Sir — The railway authorities alone cannot be blamed for the cockroach infestation on the Shatabdi Express bound for New Jalpaiguri (“Welcome aboard cockroach coach”, Sept 11). Cockroaches have become resistant to most varieties of insecticides available in the market. Moreover, cockroaches survive on morsels of food and litter and passengers are infamous for making a mess in the compartments that they occupy. Nevertheless, urgent measures need to be taken if the railways does not want to lose passengers.
Sir — The news of cockroaches overrunning a Shatabdi Express reminded me of a similar experience that I had while travelling to Puri recently.

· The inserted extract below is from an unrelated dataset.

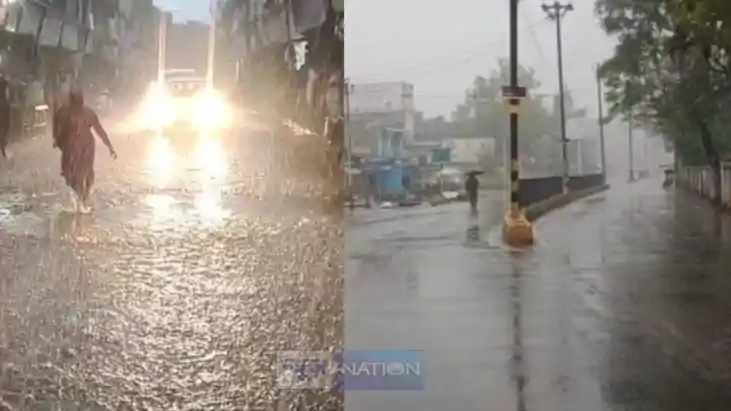 बारिश बारिश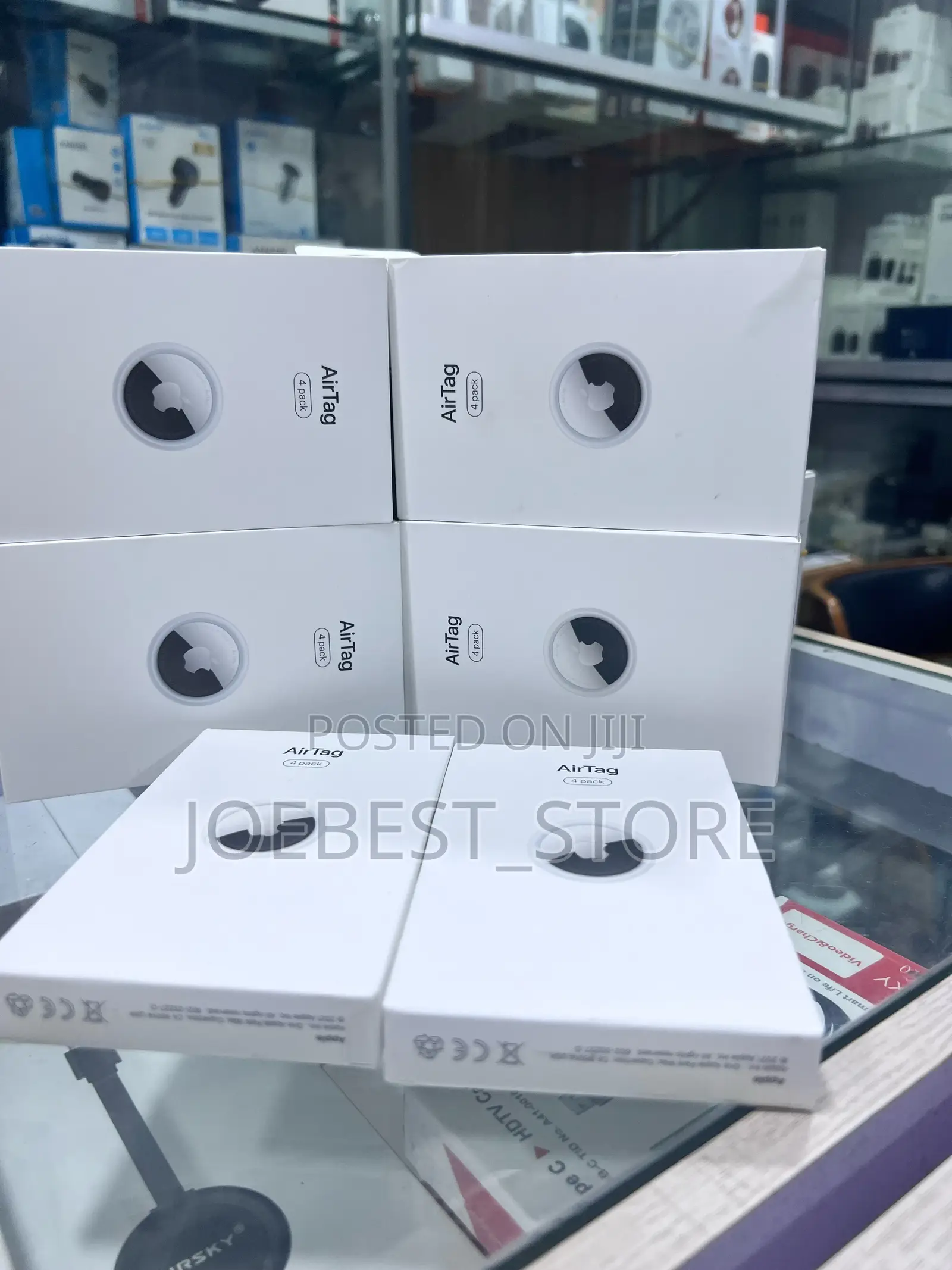 Apple Airtag - 4 Packs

I was awake all night and had to keep the reading lights on in order to keep an eye out for pests. The menace of roaches and rats in train compartments is getting out of hand. Often, inaction by the travelling ticket examiners on the pretence of ‘lack of authority’ adds to the woes of passengers. This indicates a complete lack of concern towards ensuring minimal comforts to passengers on the part of the Indian railways.

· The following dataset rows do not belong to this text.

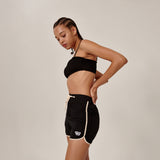 Olu Women`s Boardshort Black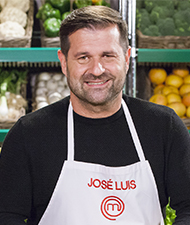  Foto del concursante de MasterChef 3 - José Luis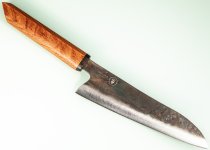 Dao Vua Western Kurouchi Gyuto 205mm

Sir — Cockroaches and Indian railway coaches go back a long way. Although the scale of the problem is not usually as bad as the level of infestation reported in the New Jalpaiguri-bound Shatabdi Express. It is undoubtedly the duty of the railway authorities to ensure the cleanliness of coaches. But it must be mentioned here that the upkeep of a system as vast the the Indian railways needs funds. The government’s repeated bowing to populist demands to not hike fares is not helping the cause of the railways. Along with rising fuel and other costs, the price of tickets, too, should be increased.

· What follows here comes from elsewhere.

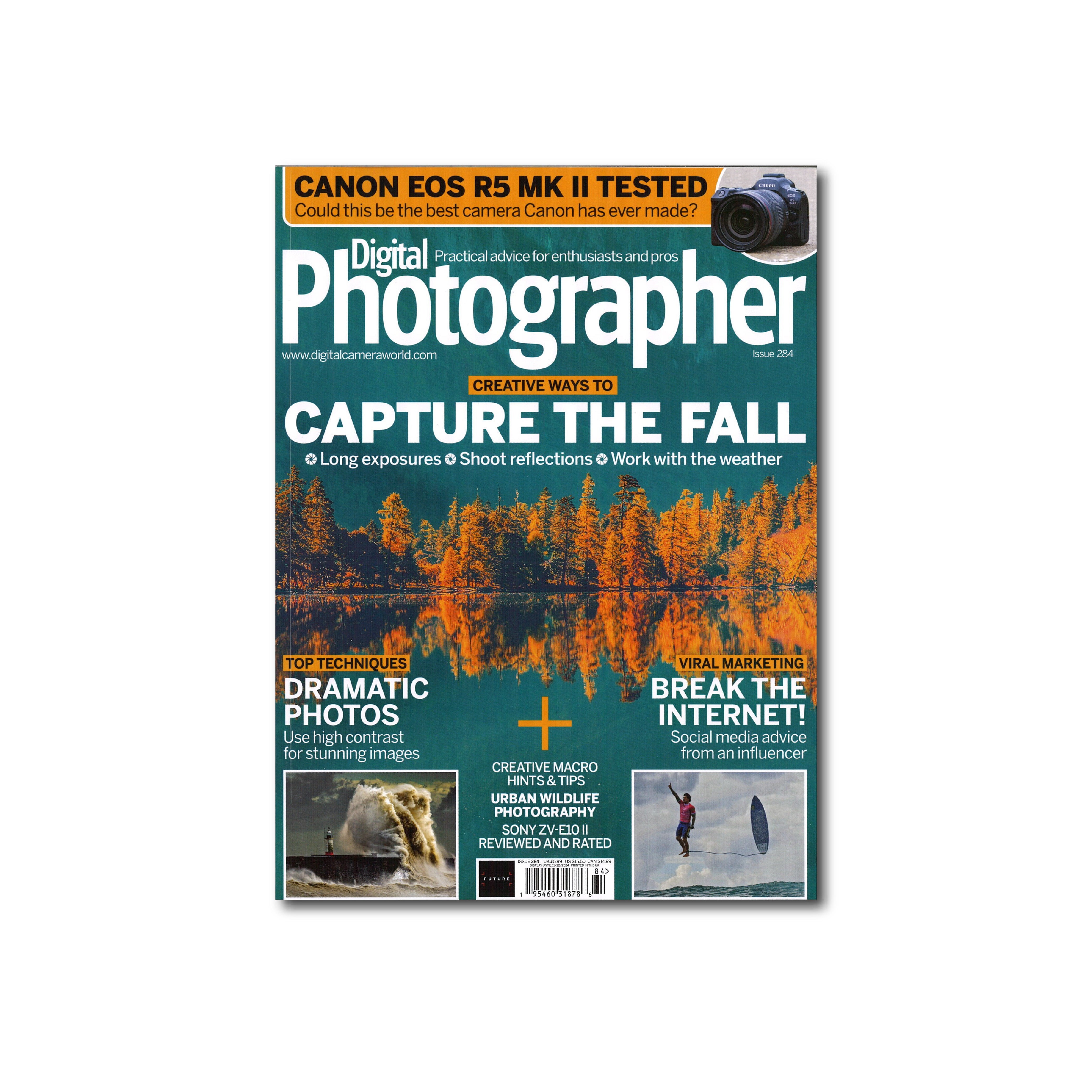 Digital Photographer Uk Issue No. 284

Sir — It is unfortunate that West Bengal is among the leading states when it comes to child trafficking as per the National Crime Records Bureau (“Look deeper”, Sept 10). It is especially strange since the state has a plethora of welfare measures, especially for girl children. The figures can thus be chalked up to lax policing, low conviction rates and lackadaisical investigation of crimes. These instill confidence in criminals. Integrated Child Development Services workers and village panchayat members should be given additional responsibility to educate the poor masses about child trafficking and asked to be extra aware about children going missing.
Sir — The editorial, “Look deeper”, painted a dismal picture; the revelation that less than one per cent of the accused in the trafficking cases have been convicted in the past decade in West Bengal and Andhra Pradesh, is alarming. Such things cannot take place without either the complicity or ineffectivity of the State machinery. The pace of judicial proceeding in India adds to the problem. The low rate of convictions has emboldened traffickers to become repeat offenders. Poverty, lack of education, immigration policy, environment, fractured family and above all the lack of good job opportunities are the leading causes behind trafficking ring flourishing. Yet, the amended bill introduced in Parliament to check these problems has lapsed. This exposes the lack of political will to combat the menace.